How about one that plays ''Who Let The Dogs Out'' every time you turn it on?
No?
Seriously, LCD's are tough to buy. Ya go to Fry's, or Joes Monitor Emporium & Bait Shack, and there will be 30 LCD's lined up to compare both in price and quality. Price is easy. Quality is not. Here's why.
What is the ambient brightness of the room you are using to compare screens? How does that compare to the normal brightness of your work space? Is the light floresent or incandecent? Color temp. has its effect.
Those are minor things. Here's the big one.
Was the monitor set up properly, and what is the source of the content. OK, two big ones.
Any monitor can be made to look good, if you turn down the brightness and contrast of the other monitors. The sales staff at Joe's have a lot of free time when the fish ain't bitting.

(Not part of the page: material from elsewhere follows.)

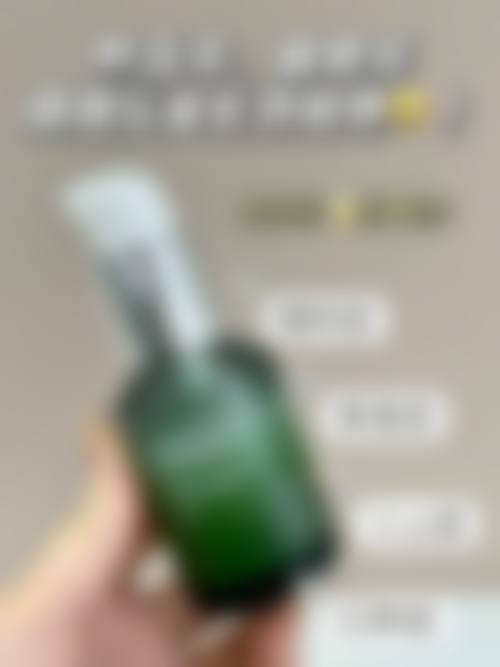 王一铭医生坚持的以患者为中 心的服务理念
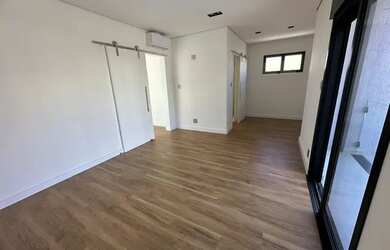 Imagem 12: Casa para venda no condomínio Bela Cittá Fazenda Rodeio no bairro Jardim...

Suddenly a crap monitor with a huge mark-up looks better than the rest of the selections!
There are a hundred people a day playing with the settings of each monitor, and some days, a hundred of them have no clue what they are doing.
If the source is over-driving a color, a monitor that is weak in that color might look better than the one next to it. Same with contrast.
One other thing. LCDs are getting better, but very few professionals use LCDs when color is critical, because the color range of an LCD is inferior to that of a CRT, and because everything changes on an LCD if you just change your seat height a bit. Consistancy is not the LCDs strong suit.
Now that I've convinced you that there is no way to shop for and find a quality LCD, and that it will be crap even if you get lucky, here's the other side.
If you are editing for your own use, then if it looks good to you, it rocks!
If you are editing for the web, then you are editing for those hundred ''consumers'' mentioned earlier. Their monitors at home are as screwed up as the ones they ''tried out'' at Fry's. This means that if your monitor causes you to adjust everything a little on the warm side, half of the people's set-up will be perfect for it, and others will think you're a hack.
On a side note, Macs run a brighter Gamma setting than PC's do (new, right out of the box) so if you brighten things up for the PC crowd it might look a bit washed out on the mac. On the other hand, make it look good on your mac, and PCers will think it's subtle and edgy.
If you are editing for high end comercial use, A) get a CRT. and B) you can buy an expensive calabration tool that you stick onto the screen with suction cups, and your monitor will be perfect every time... For you... and ahh... everyone else that has the same set-up.
Er... Get the picture?
By the way, I have an NEC 17" LCD that is brighter and has better color than my Ti 15" Powerbook. I use it for editing web content, with the stock color profile. It was on sale.